А может, это было просто совпадение. Так ведь иногда случается. Она вспомнила слова Оливера. Я не люблю совпадений. Не уверен, что бывают ничего не значащие совпадения.
Она обмахнула пуховкой блестевший нос. Кто-то боится пауков; кто-то – полетов по воздуху, темноты, числа тринадцать – все чего-то боятся. Оливер Халкин боится совпадений. Но это не значит, что и ей надо бояться.
Как Фрэнни и рассчитывала, Оливер уже ждал ее на кухне. Капитан Кирк спокойно спал на полу возле плиты.
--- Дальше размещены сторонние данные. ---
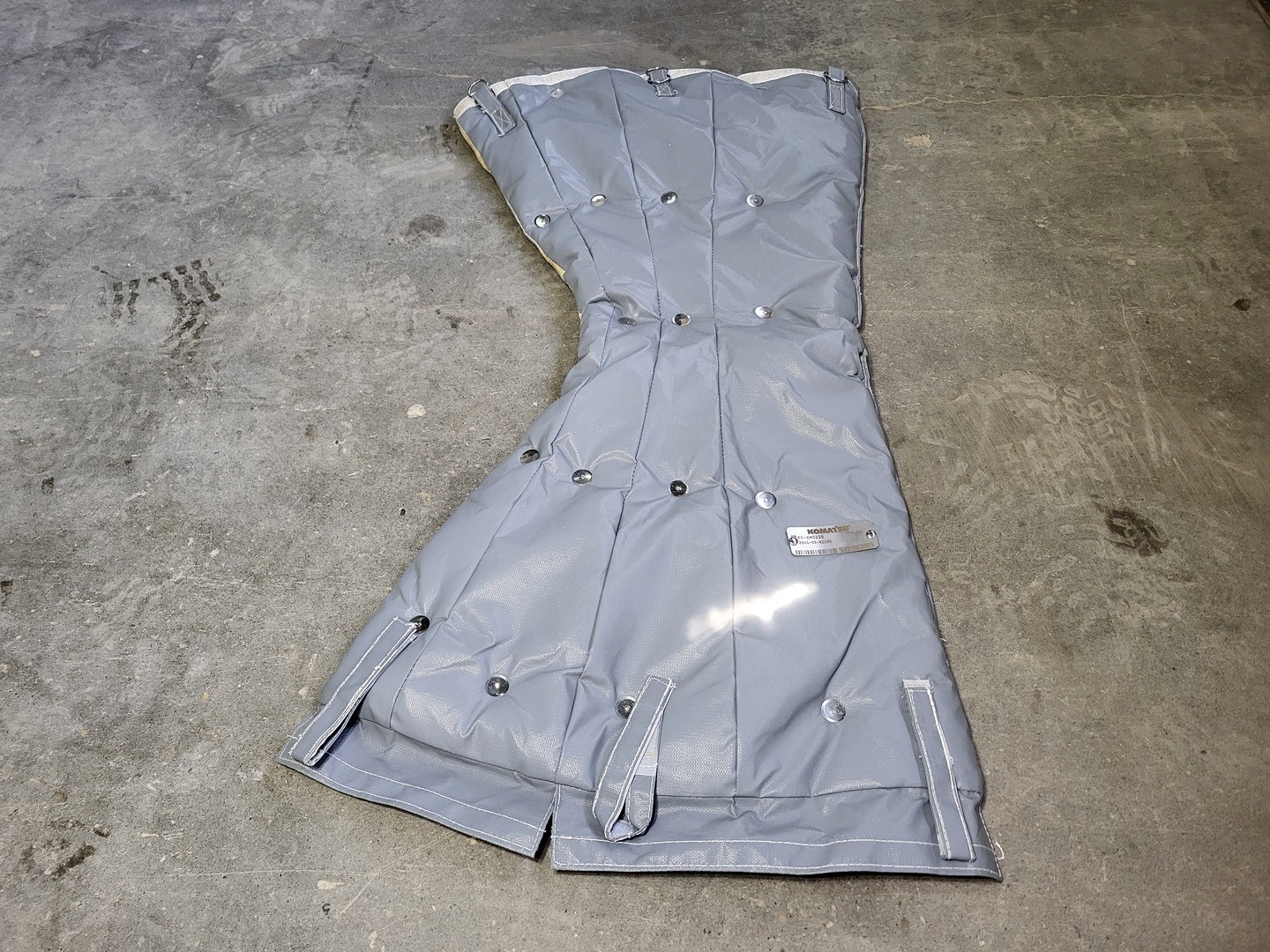SURPLUS NEW KOMATSU EM5156 Exhaust Blanket – Heavy Machinery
– Эдвард наконец отпустил тебя? – подмигнул ей Оливер.
– Только что.
– Сочувствую – ты попала к нему в плен.
– Мы с ним неплохо провели время. – Она замялась, желая расспросить его насчет странного молчания Эдварда, но не знала, как это сделать потактичнее.
– Чаю или чего-нибудь покрепче?
– Пожалуй, чаю. – Ее взгляд упал на сушилку для посуды из нержавеющей стали, и она сглотнула, вспомнив лежавшие здесь несколько часов назад отрезанные пальцы и окровавленное полотенце.
– Простой или «Эрл Грей»?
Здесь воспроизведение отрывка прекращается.